Directions:
When you reach the line that contains "Cryptic canvas tee", give it back exactly along with each line after it to the end of the entries; skip any pictures.
*** Materials provided ***
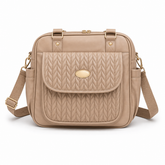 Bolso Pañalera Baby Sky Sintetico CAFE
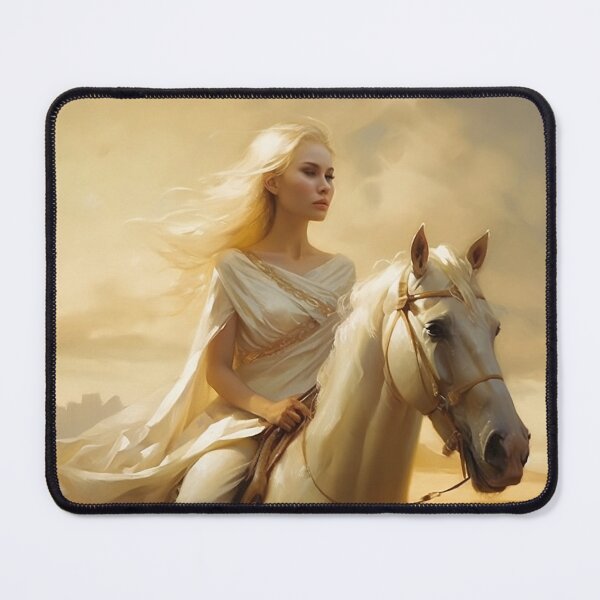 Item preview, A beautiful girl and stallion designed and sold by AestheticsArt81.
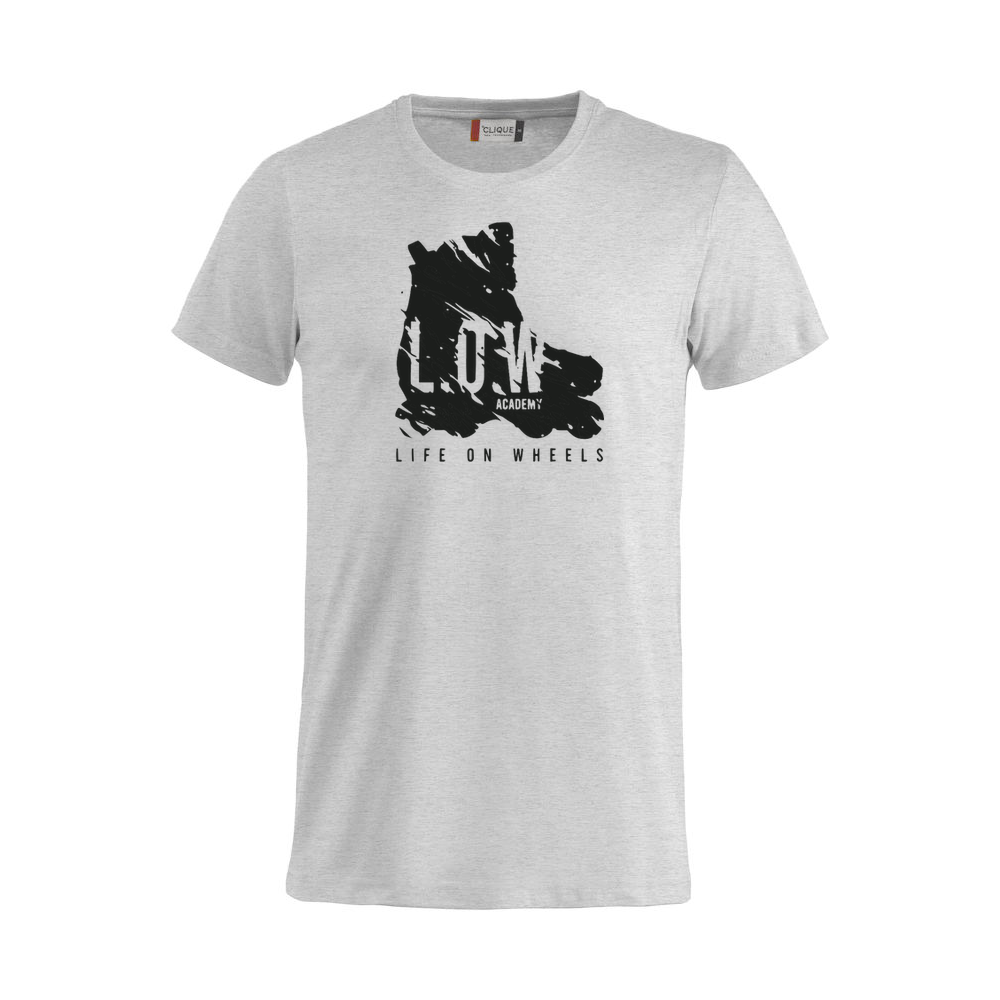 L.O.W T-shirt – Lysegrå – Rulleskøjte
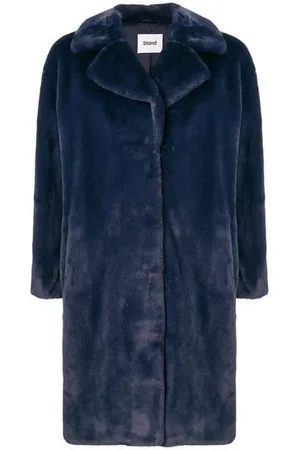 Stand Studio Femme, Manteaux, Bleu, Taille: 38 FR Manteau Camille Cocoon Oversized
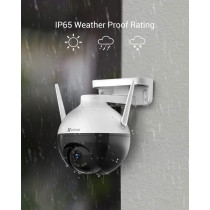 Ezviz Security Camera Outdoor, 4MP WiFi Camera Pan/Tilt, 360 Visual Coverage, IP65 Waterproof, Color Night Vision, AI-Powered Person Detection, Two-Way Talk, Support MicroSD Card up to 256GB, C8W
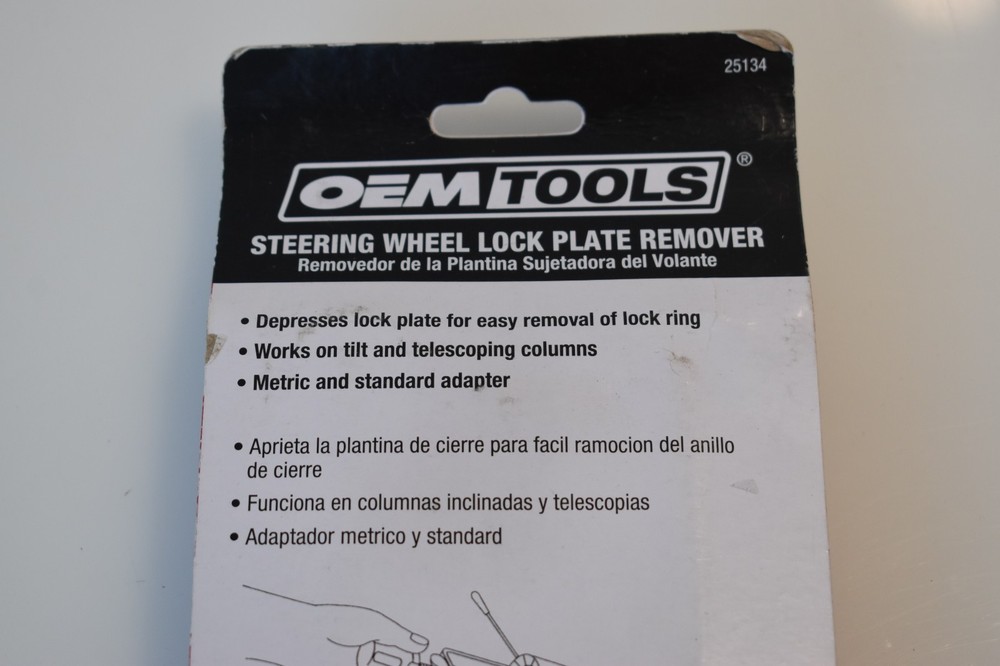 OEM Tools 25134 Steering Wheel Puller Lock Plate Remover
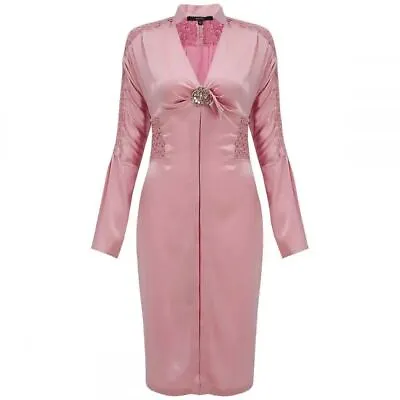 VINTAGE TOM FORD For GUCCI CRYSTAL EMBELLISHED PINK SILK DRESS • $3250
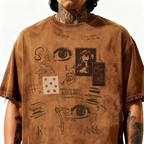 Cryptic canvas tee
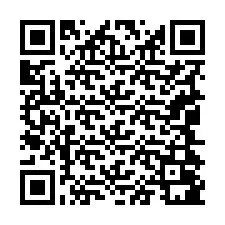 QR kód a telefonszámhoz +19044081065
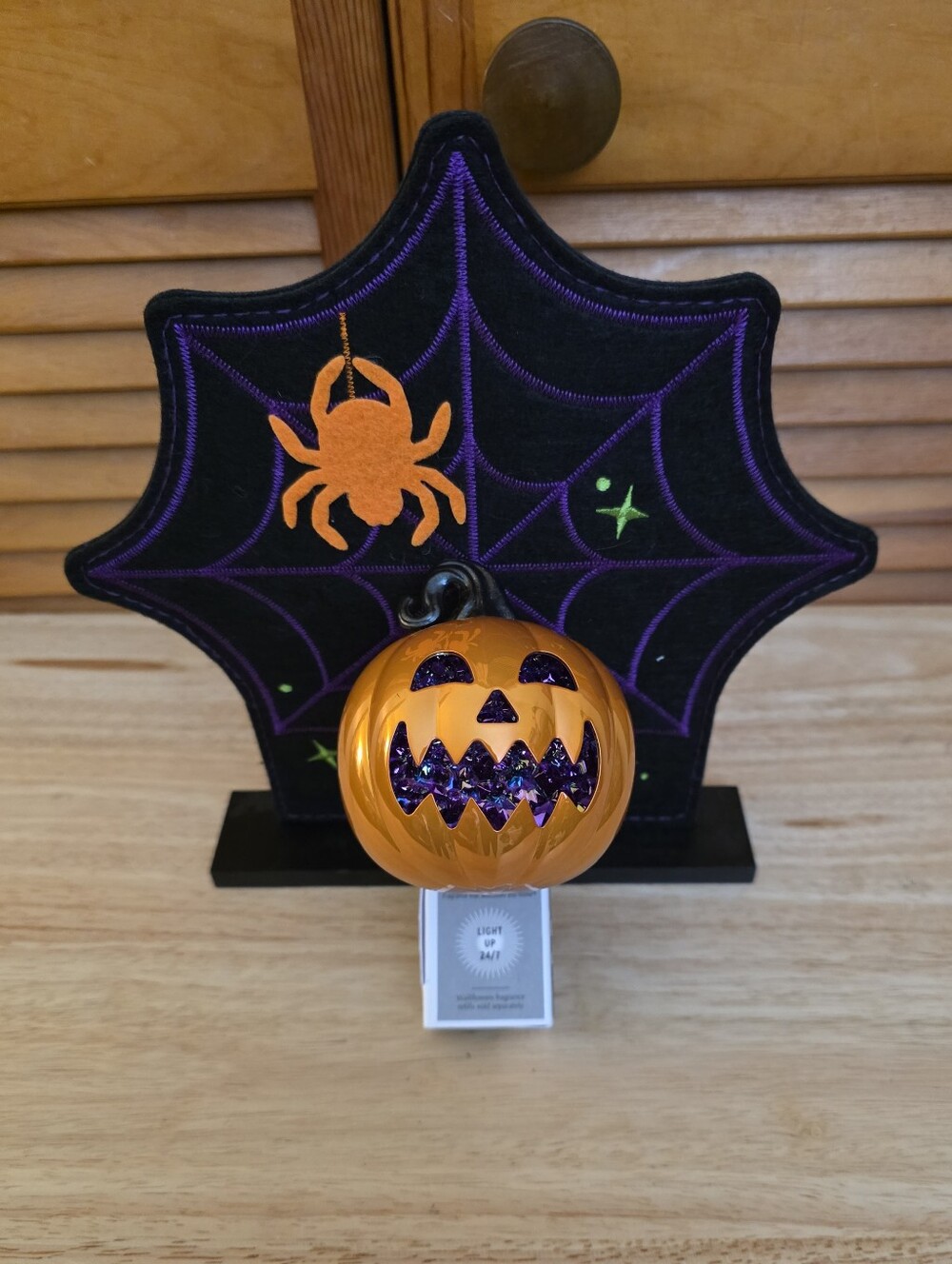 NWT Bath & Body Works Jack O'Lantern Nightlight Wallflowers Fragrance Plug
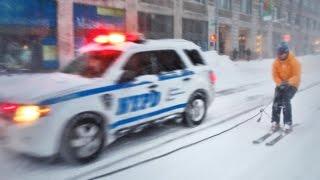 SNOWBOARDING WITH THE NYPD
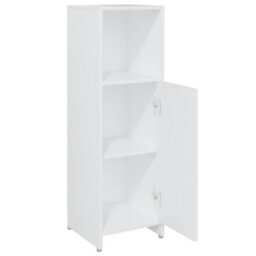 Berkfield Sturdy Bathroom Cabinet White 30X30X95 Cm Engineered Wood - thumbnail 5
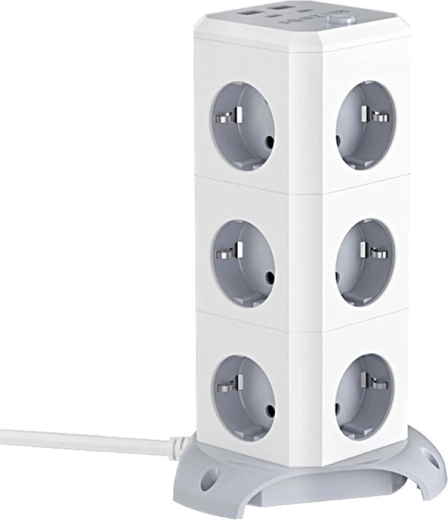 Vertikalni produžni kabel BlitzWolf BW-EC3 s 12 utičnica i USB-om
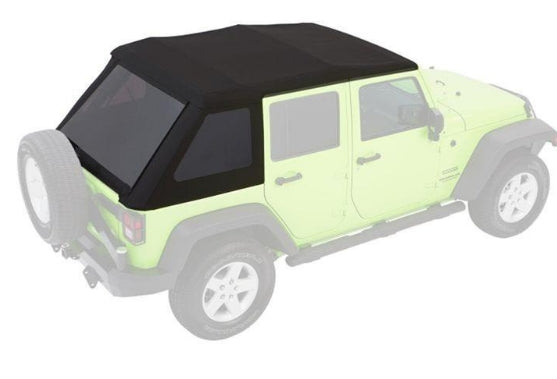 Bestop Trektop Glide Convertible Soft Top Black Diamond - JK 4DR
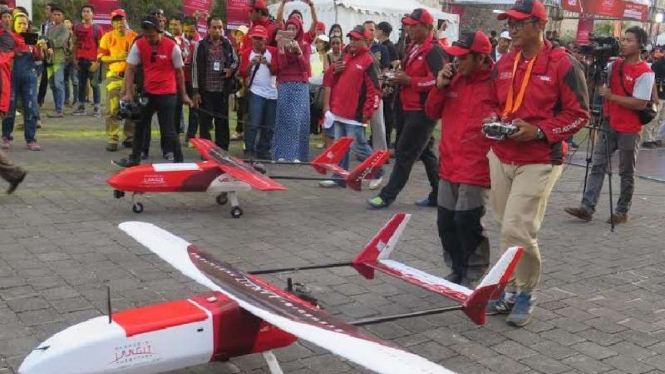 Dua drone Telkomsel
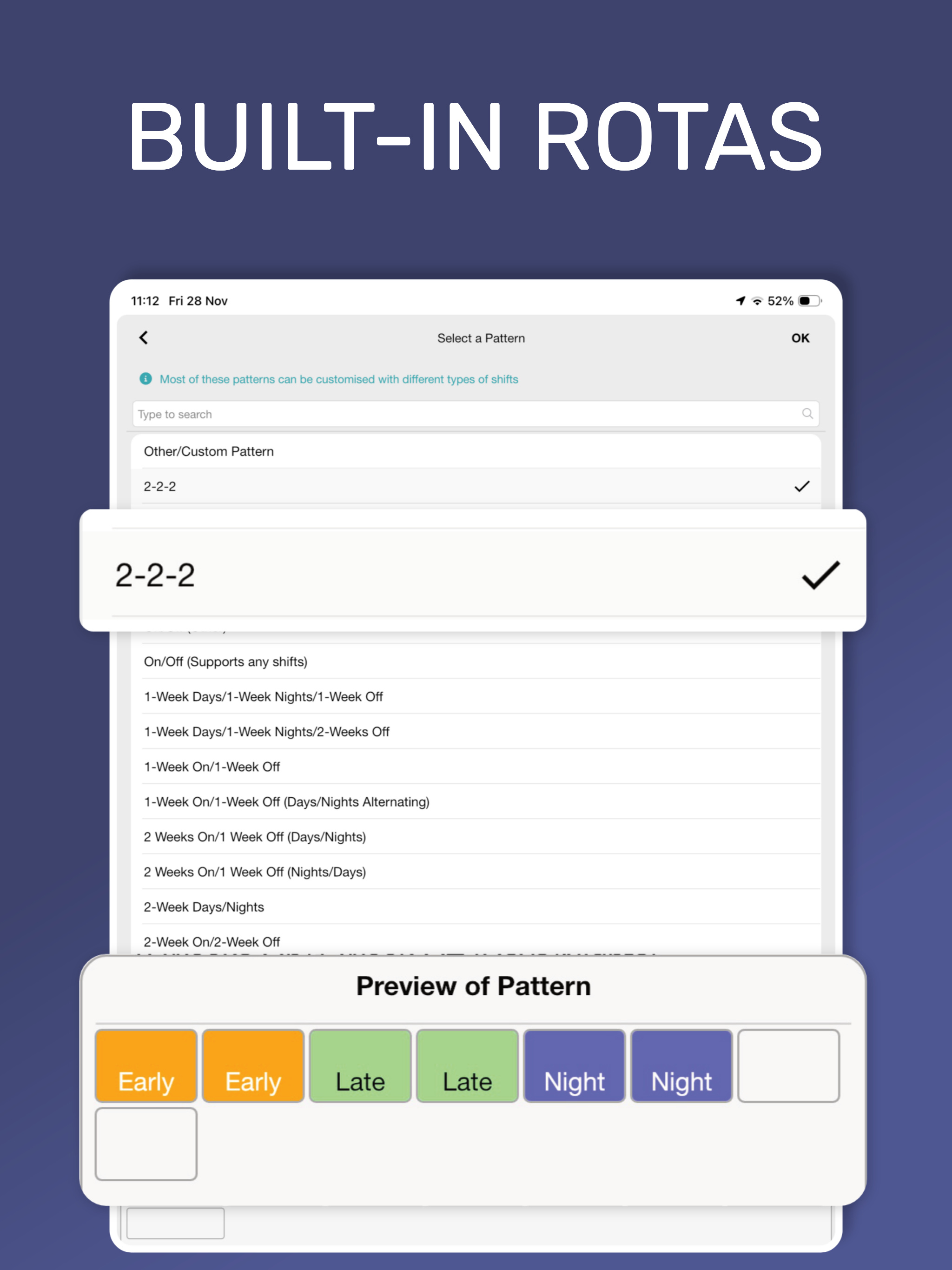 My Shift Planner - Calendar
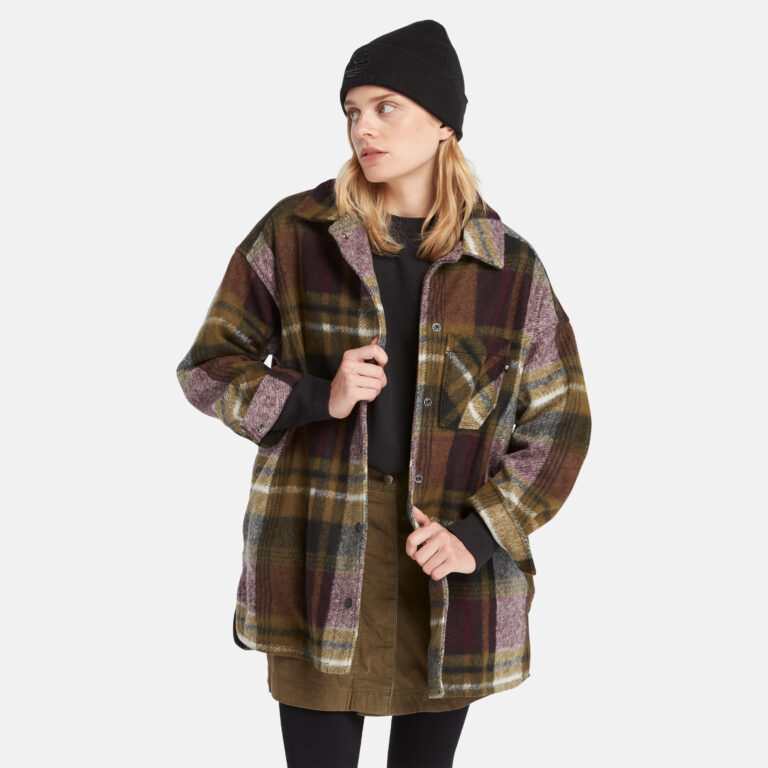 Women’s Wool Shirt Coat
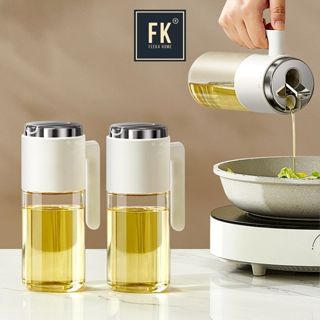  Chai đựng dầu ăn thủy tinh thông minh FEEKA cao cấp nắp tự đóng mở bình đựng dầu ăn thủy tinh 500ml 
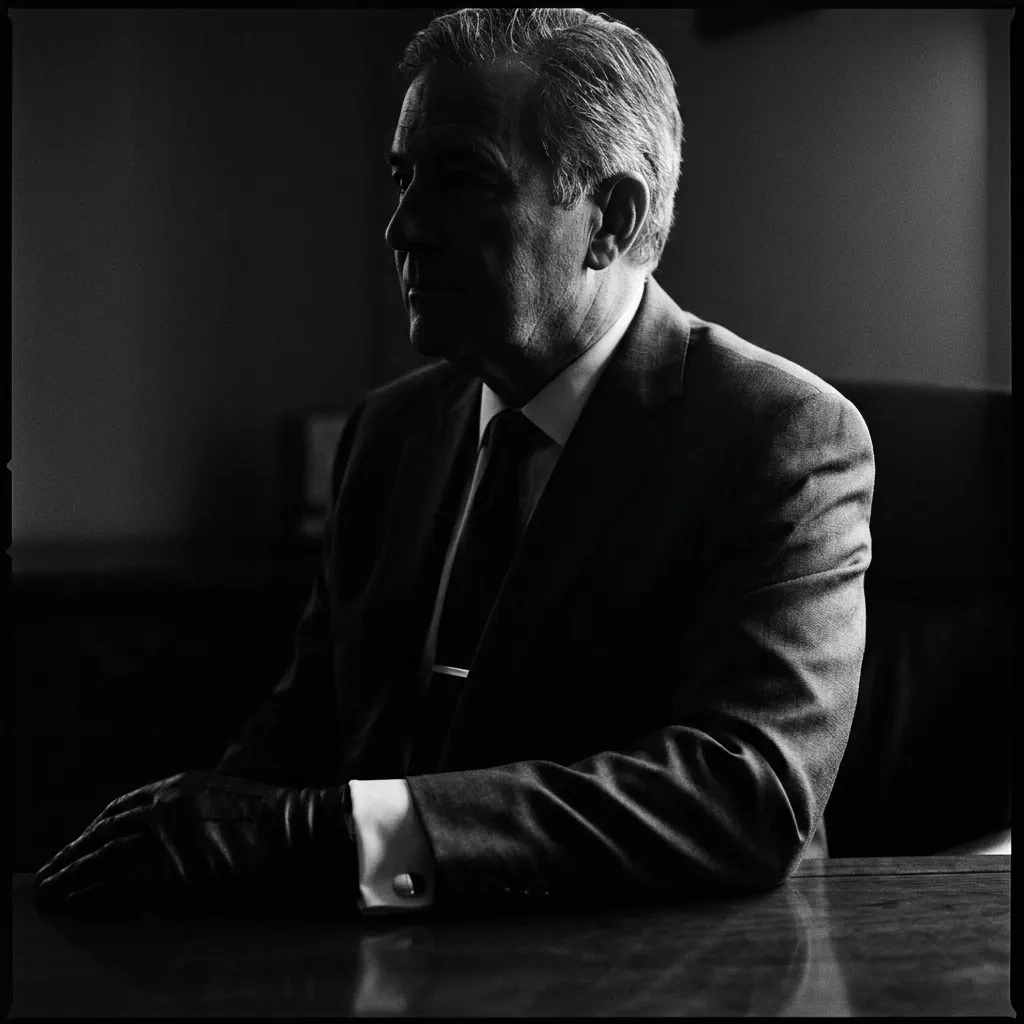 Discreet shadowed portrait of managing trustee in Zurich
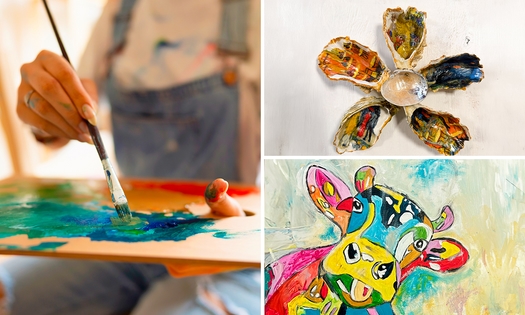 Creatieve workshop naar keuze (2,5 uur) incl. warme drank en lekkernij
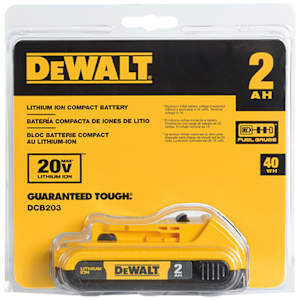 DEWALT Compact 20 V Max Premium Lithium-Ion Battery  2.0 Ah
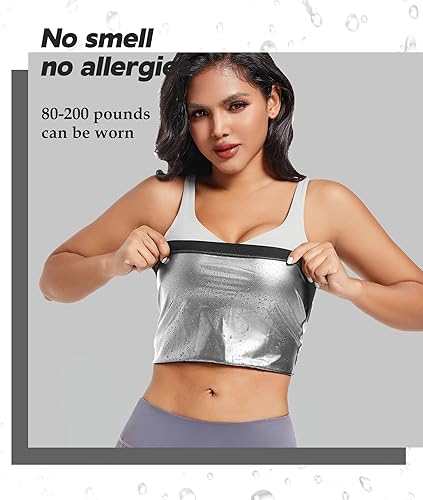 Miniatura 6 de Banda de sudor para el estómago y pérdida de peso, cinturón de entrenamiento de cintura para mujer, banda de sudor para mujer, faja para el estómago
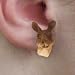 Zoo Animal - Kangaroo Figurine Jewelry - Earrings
*** End of Materials provided ***
Result of the task:
 Cryptic canvas tee
 QR kód a telefonszámhoz +19044081065
 NWT Bath & Body Works Jack O'Lantern Nightlight Wallflowers Fragrance Plug
 SNOWBOARDING WITH THE NYPD
 Berkfield Sturdy Bathroom Cabinet White 30X30X95 Cm Engineered Wood - thumbnail 5
 Vertikalni produžni kabel BlitzWolf BW-EC3 s 12 utičnica i USB-om
 Bestop Trektop Glide Convertible Soft Top Black Diamond - JK 4DR
 Dua drone Telkomsel
 My Shift Planner - Calendar
 Women’s Wool Shirt Coat
  Chai đựng dầu ăn thủy tinh thông minh FEEKA cao cấp nắp tự đóng mở bình đựng dầu ăn thủy tinh 500ml 
 Discreet shadowed portrait of managing trustee in Zurich
 Creatieve workshop naar keuze (2,5 uur) incl. warme drank en lekkernij
 DEWALT Compact 20 V Max Premium Lithium-Ion Battery  2.0 Ah
 Miniatura 6 de Banda de sudor para el estómago y pérdida de peso, cinturón de entrenamiento de cintura para mujer, banda de sudor para mujer, faja para el estómago
 Zoo Animal - Kangaroo Figurine Jewelry - Earrings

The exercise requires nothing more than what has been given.